For every pixel rendered, the processor must check the Zbuffer to see if it should
be written to the frame buffer. Assuming an average overdraw of 3, that not only
means we need triple the fillrate, we also require triple the memory bandwidth
to sustain a framerate. This is where the real limitations of today's graphics
processor is, even using 200MHz DDR memory, we simply cannot do not have enough
memory bandwidth. This makes the benefits of detecting and eliminating pixels
which the viewer will never see two fold, the fillrate requirements are lower,
and the associated memory bandwidth requirements are lower.
HyperZ
is ATI's method of detecting and removing those surfaces which the viewer
cannot see. It works by breaking up the scene into small tiles with an associated
Maximum Z and Minimum Z. This information is stored in on die cache, this
is why we don't have a memory bandwidth penalty for doing this.
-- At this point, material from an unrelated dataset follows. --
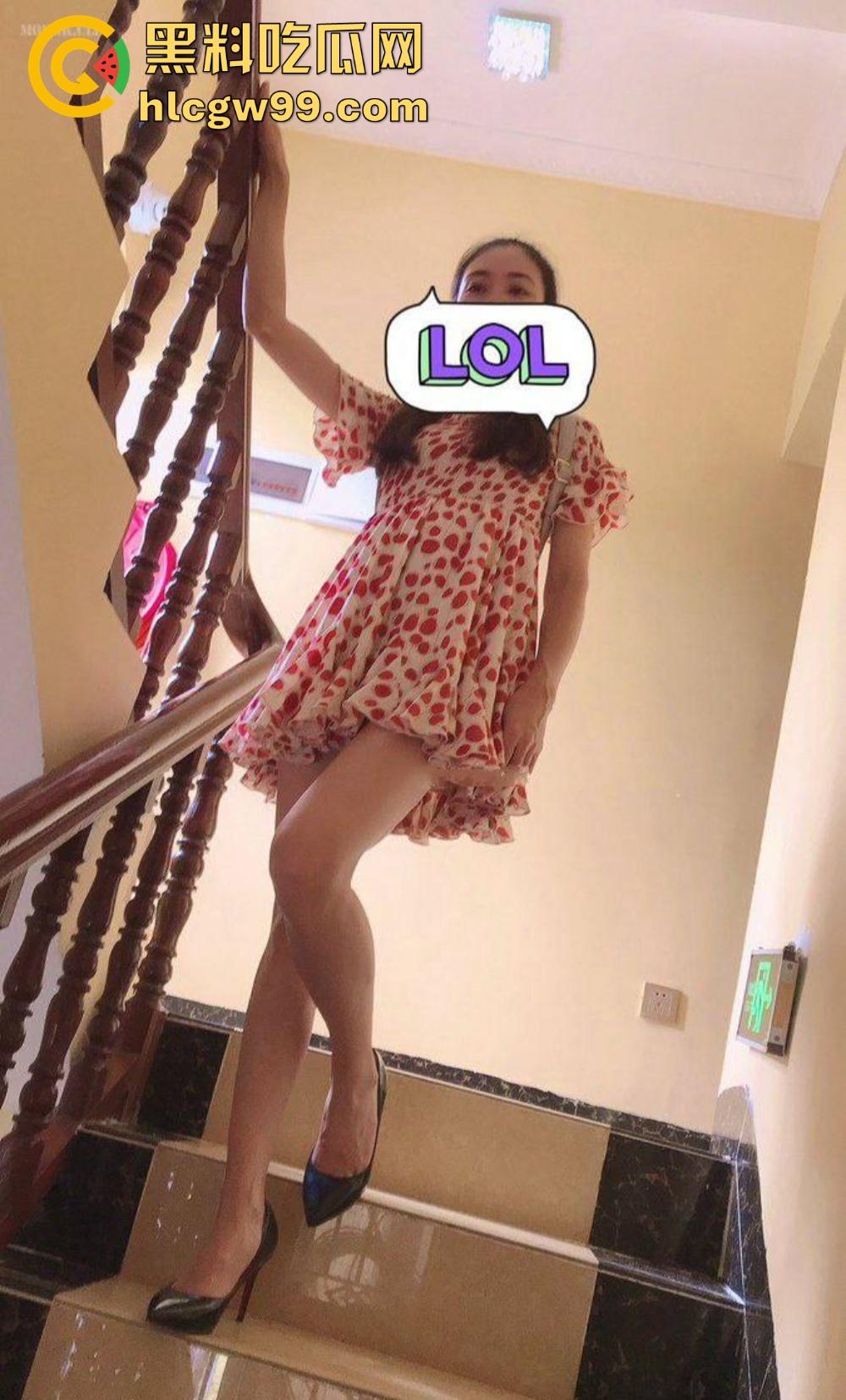 福建巨乳幼师『 林尤薇 』白天讲课晚上在炮友胯下放飞自我，离婚少妇母狗姿态满分，黑丝吊带内射爆操！-18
Then for
every triangle that is sent to the graphics processor, it's Z value is checked
against that stored in the HyperZ cache. If it is not visible to the viewer
it is tossed out, and if it is, the triangle is allowed to continue through
the rendering pipeline.
ATI's
estimates put the average overdraw at around 3 in today's games, but how effective
HyperZ technology is we don't know.
As
we've discussed, Zbuffer transfers make up a large portion of the memory bandwidth
requirements in current GPU's. HyperZ dealt with reducing some of those bandwidth
requirements, but to help further ATI has enabled a minor compression routine
between the GPU and memory. Affectionately called Z Compression, this is really
nothing too new, just fancy ATI marketing.
The last
component of HyperZ is known as Fast Z Clear. Traditionally when the GPU
is done rendering a scene it then goes back and writes 0's to the Z buffer
before starting on the next frame. ATI has developed a technique which allows
them to clear the Z buffer about 60 times faster than writing 0's.